Your instructions ▸
A verbatim transcript of the data that follows, free of images, is the expected result.

Provided records below:

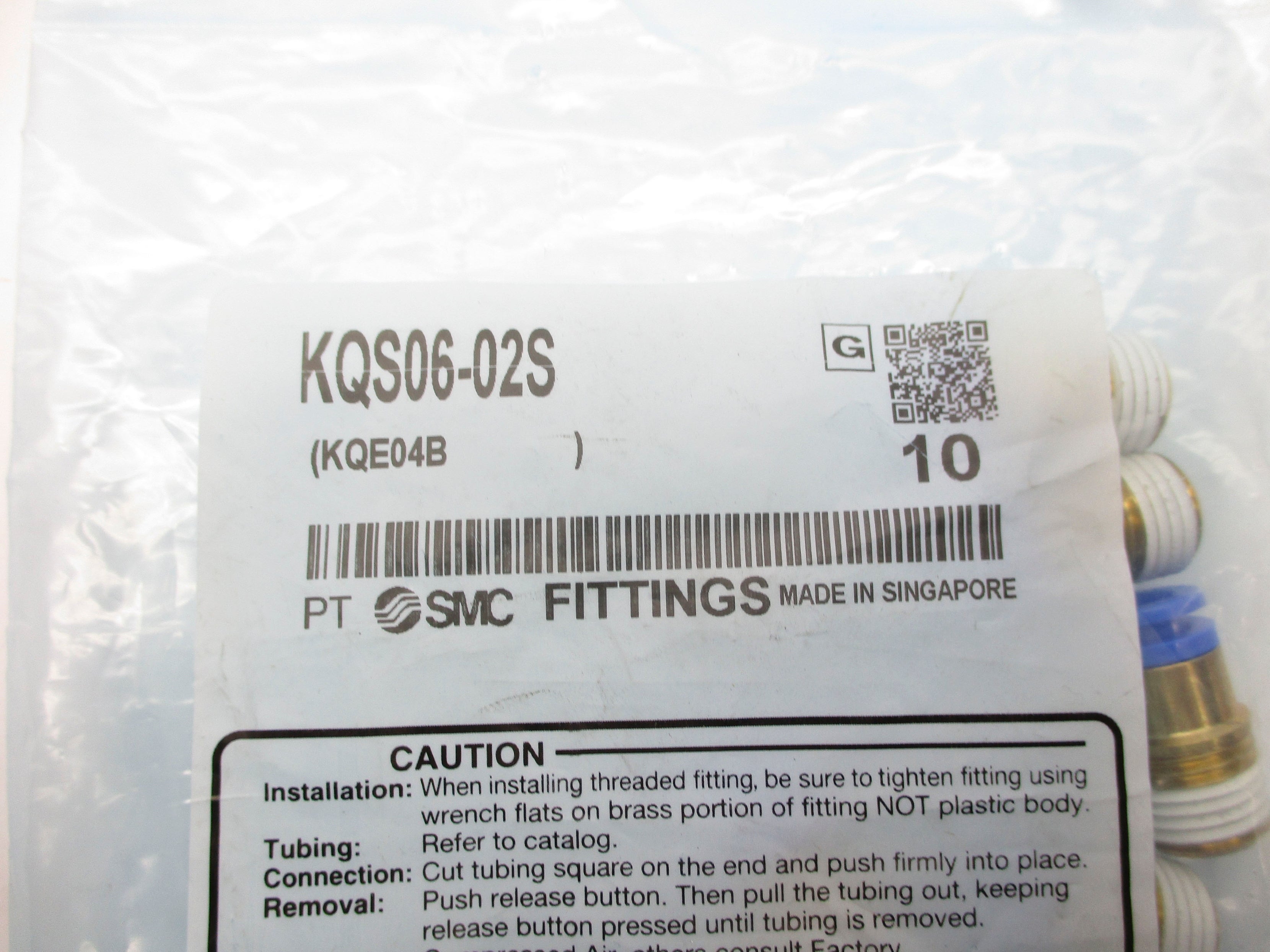 SMC KQS06-02S (PKG OF 10) NSMP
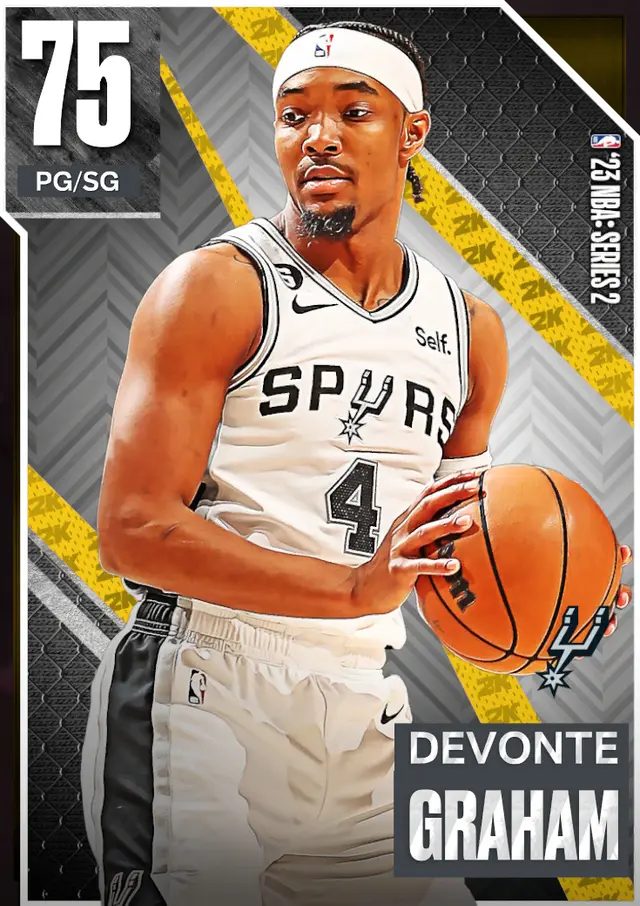(GOLD) Devonte Graham (75 OVR)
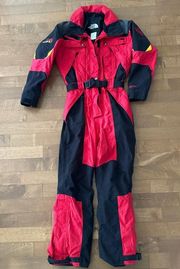 The North Face Heli Gore-Tex Snow Suit Summit Red & Black size medium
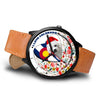 Bichon Frise Colorado Christmas Special Wrist Watch-Free Shipping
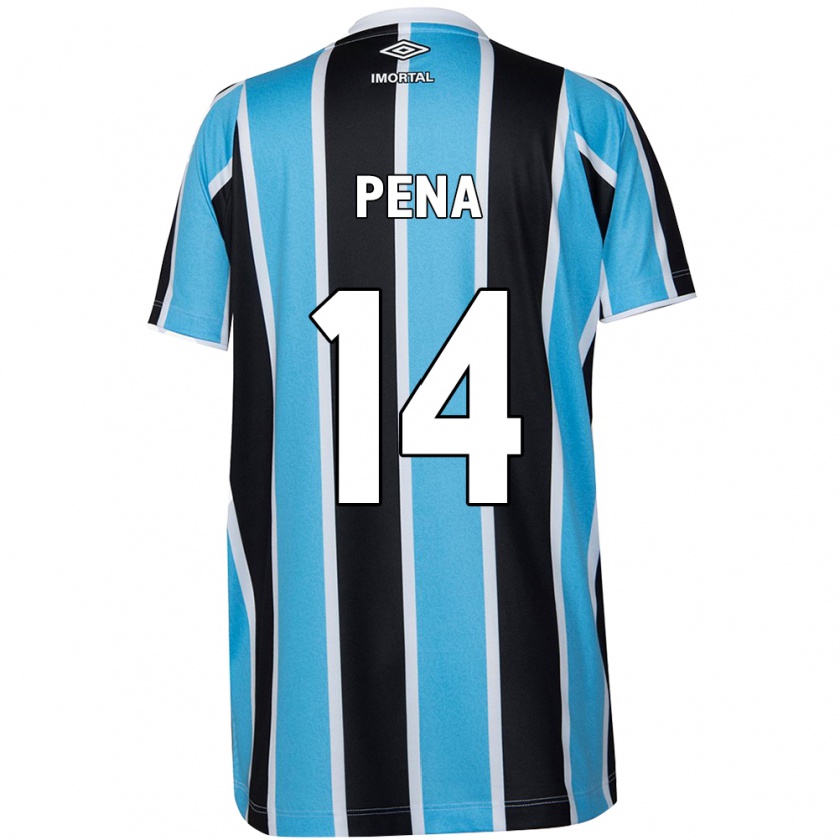 Kandiny Hombre Camiseta Jessica Peña #14 Azul Negro Blanco 1ª Equipación 2024/25 La Camisa Chile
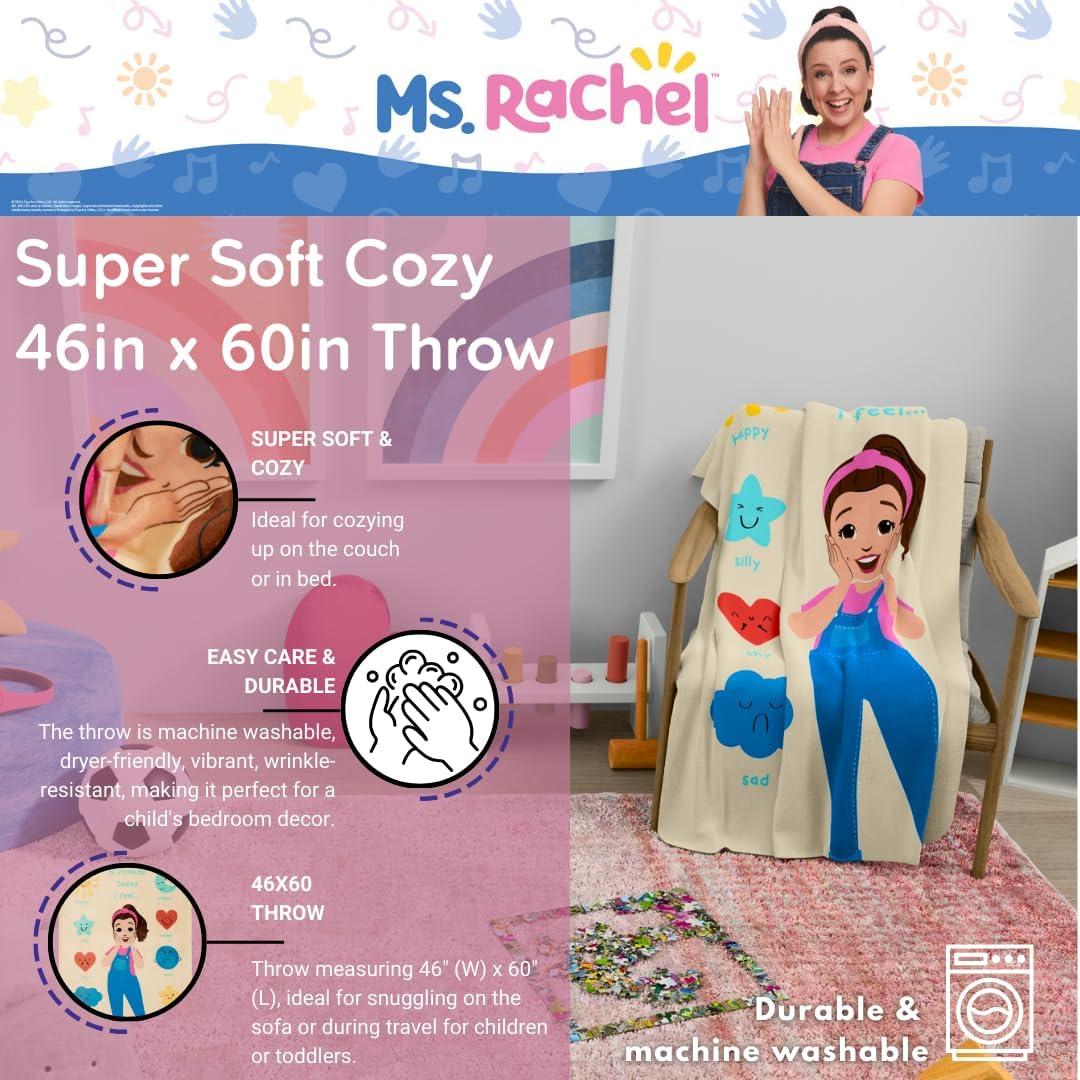 imageThomas and Friends Kids Bedding Super Soft Micro Raschel Throw 46 in x 60 in Official Licensed Product by FrancoMs Rachel Mixed Emotions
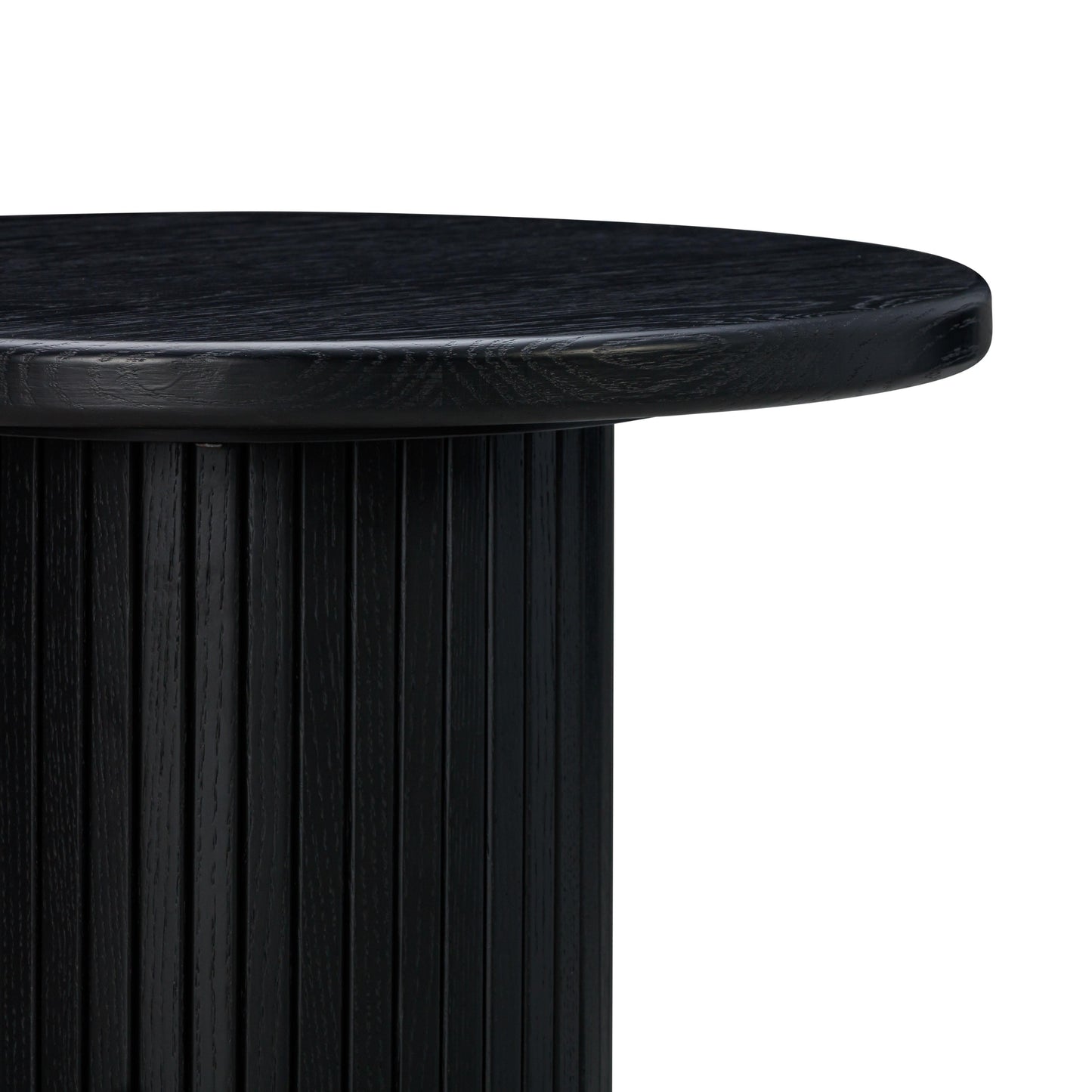 Chelsea Black Oak Entry Table by TOV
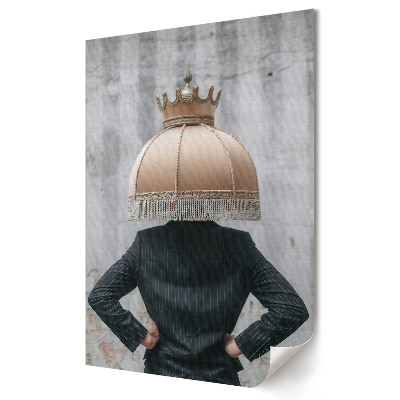 Stylowy plakat na ścianę Lampowa Korona Styl i Absurd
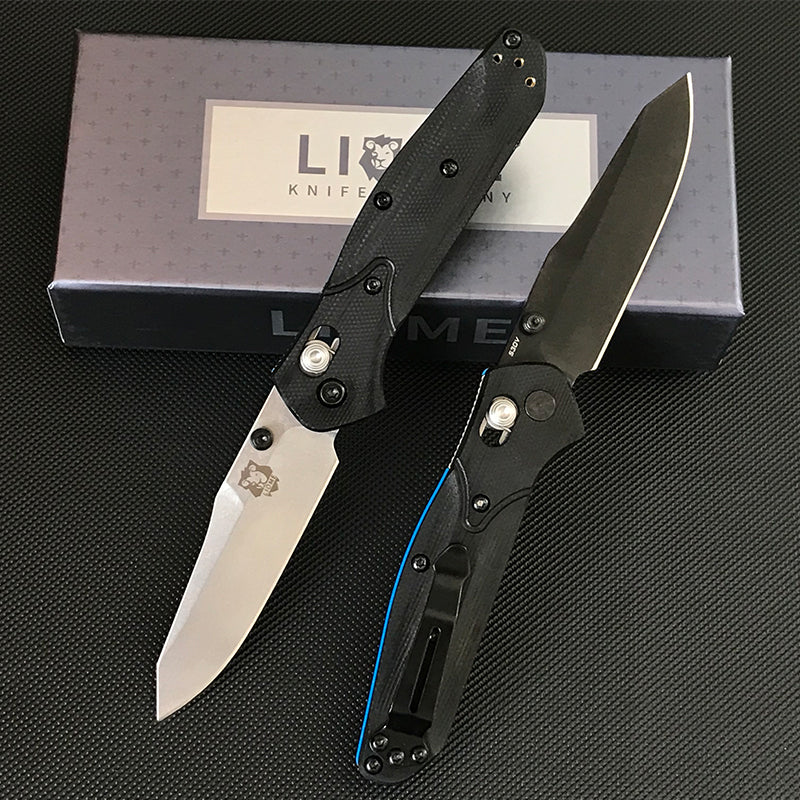 Dual Color G10 Handle Liome 945 Folding Knife Outdoor Tactical Camping Pocket Knives Lifesaving Safety EDC Tool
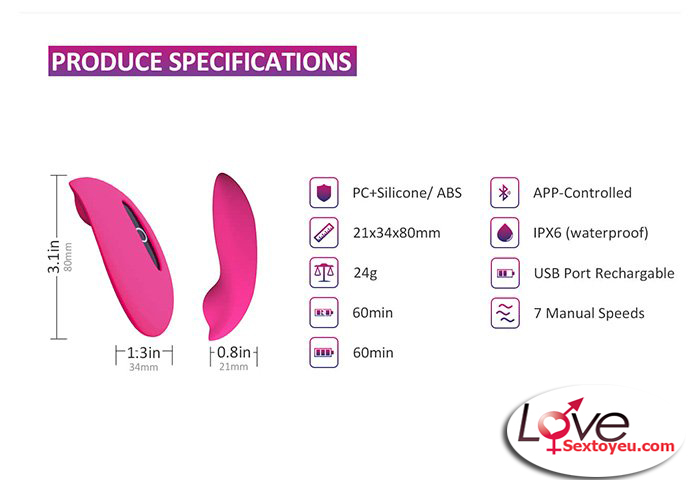 Quần lót rung Candy điều khiển app đồ chơi tình yêu kích thích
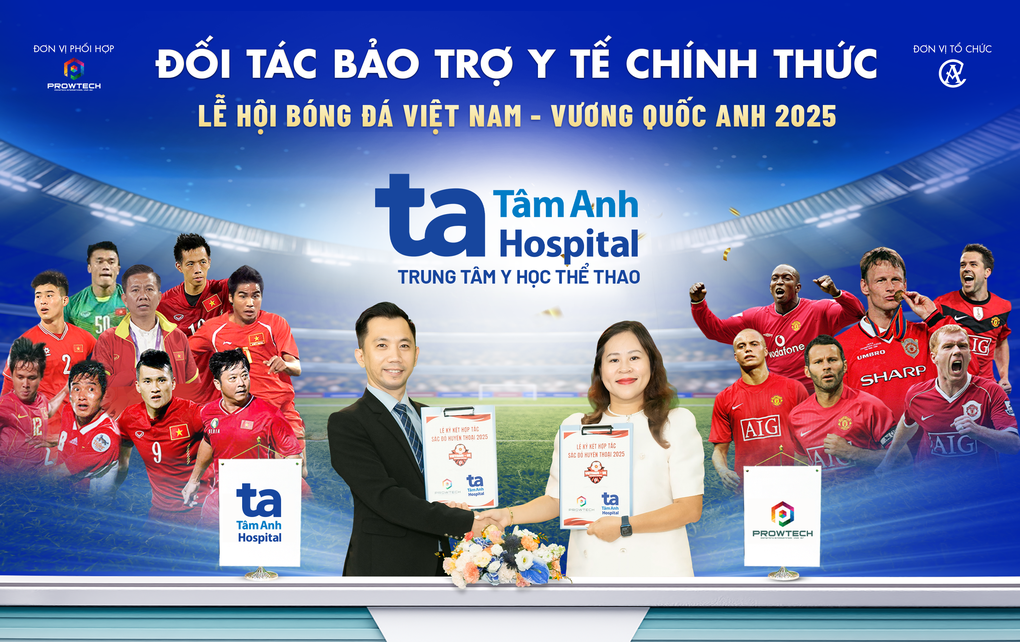 Sáu huyền thoại “Quỷ Đỏ” được chăm sóc y tế tại Hệ thống Bệnh viện Tâm Anh - 1 Sáu huyền thoại “Quỷ Đỏ” được chăm sóc y tế tại Hệ thống Bệnh viện Tâm Anh - 1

End of Provided records.

Exercise response ▸
 SMC KQS06-02S (PKG OF 10) NSMP
(GOLD) Devonte Graham (75 OVR)
 The North Face Heli Gore-Tex Snow Suit Summit Red & Black size medium
 Bichon Frise Colorado Christmas Special Wrist Watch-Free Shipping
 Kandiny Hombre Camiseta Jessica Peña #14 Azul Negro Blanco 1ª Equipación 2024/25 La Camisa Chile
 imageThomas and Friends Kids Bedding Super Soft Micro Raschel Throw 46 in x 60 in Official Licensed Product by FrancoMs Rachel Mixed Emotions
 Chelsea Black Oak Entry Table by TOV
 Stylowy plakat na ścianę Lampowa Korona Styl i Absurd
 Dual Color G10 Handle Liome 945 Folding Knife Outdoor Tactical Camping Pocket Knives Lifesaving Safety EDC Tool
 Quần lót rung Candy điều khiển app đồ chơi tình yêu kích thích
 Sáu huyền thoại “Quỷ Đỏ” được chăm sóc y tế tại Hệ thống Bệnh viện Tâm Anh - 1 Sáu huyền thoại “Quỷ Đỏ” được chăm sóc y tế tại Hệ thống Bệnh viện Tâm Anh - 1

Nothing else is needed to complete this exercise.